* _Data for analysis_:
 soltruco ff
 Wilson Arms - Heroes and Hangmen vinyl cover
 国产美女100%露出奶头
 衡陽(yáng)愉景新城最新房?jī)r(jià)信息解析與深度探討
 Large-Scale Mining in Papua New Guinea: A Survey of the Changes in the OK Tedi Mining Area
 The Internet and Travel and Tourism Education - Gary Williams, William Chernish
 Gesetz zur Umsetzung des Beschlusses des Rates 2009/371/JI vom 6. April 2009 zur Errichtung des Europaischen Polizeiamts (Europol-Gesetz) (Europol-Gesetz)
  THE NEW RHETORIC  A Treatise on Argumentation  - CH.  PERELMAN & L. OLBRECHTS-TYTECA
==
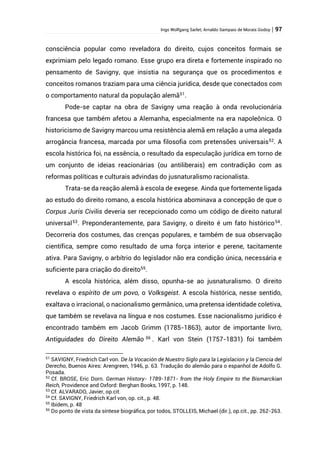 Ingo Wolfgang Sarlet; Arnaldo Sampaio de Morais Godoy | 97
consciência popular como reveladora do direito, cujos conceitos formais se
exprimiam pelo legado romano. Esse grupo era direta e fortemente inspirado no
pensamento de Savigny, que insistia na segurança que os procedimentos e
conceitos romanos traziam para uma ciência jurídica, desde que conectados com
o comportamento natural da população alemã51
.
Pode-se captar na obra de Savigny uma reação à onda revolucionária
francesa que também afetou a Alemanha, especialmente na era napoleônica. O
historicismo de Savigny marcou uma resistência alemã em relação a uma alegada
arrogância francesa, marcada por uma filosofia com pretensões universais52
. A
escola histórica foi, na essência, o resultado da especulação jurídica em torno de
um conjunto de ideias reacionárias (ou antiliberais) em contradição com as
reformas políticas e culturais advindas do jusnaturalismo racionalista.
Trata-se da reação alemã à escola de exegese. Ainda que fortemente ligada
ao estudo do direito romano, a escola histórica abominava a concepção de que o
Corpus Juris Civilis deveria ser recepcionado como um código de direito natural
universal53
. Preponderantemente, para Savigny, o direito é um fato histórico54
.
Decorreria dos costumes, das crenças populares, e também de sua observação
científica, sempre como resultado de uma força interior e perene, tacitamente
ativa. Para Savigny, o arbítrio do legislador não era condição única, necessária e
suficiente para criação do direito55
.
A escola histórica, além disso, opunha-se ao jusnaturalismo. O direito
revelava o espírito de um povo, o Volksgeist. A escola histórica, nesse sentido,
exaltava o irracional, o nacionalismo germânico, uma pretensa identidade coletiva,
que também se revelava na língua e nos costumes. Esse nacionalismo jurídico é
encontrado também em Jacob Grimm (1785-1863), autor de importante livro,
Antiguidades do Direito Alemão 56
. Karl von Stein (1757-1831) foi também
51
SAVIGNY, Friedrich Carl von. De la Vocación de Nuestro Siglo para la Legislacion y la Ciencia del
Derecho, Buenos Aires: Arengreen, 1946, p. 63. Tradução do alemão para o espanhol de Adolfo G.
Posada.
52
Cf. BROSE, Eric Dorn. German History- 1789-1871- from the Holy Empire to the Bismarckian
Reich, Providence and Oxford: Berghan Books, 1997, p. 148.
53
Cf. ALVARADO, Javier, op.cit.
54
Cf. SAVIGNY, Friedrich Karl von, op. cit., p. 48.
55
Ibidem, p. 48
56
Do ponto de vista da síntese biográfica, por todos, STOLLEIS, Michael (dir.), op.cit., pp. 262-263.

* _Exercise description_: Here the job is to set down exactly the lines of the material above that fall between the one with "soltruco ff" and the one with "The Internet and", inclusive, and nothing beyond them.

* _Your solution_:
 soltruco ff
 Wilson Arms - Heroes and Hangmen vinyl cover
 国产美女100%露出奶头
 衡陽(yáng)愉景新城最新房?jī)r(jià)信息解析與深度探討
 Large-Scale Mining in Papua New Guinea: A Survey of the Changes in the OK Tedi Mining Area
 The Internet and Travel and Tourism Education - Gary Williams, William Chernish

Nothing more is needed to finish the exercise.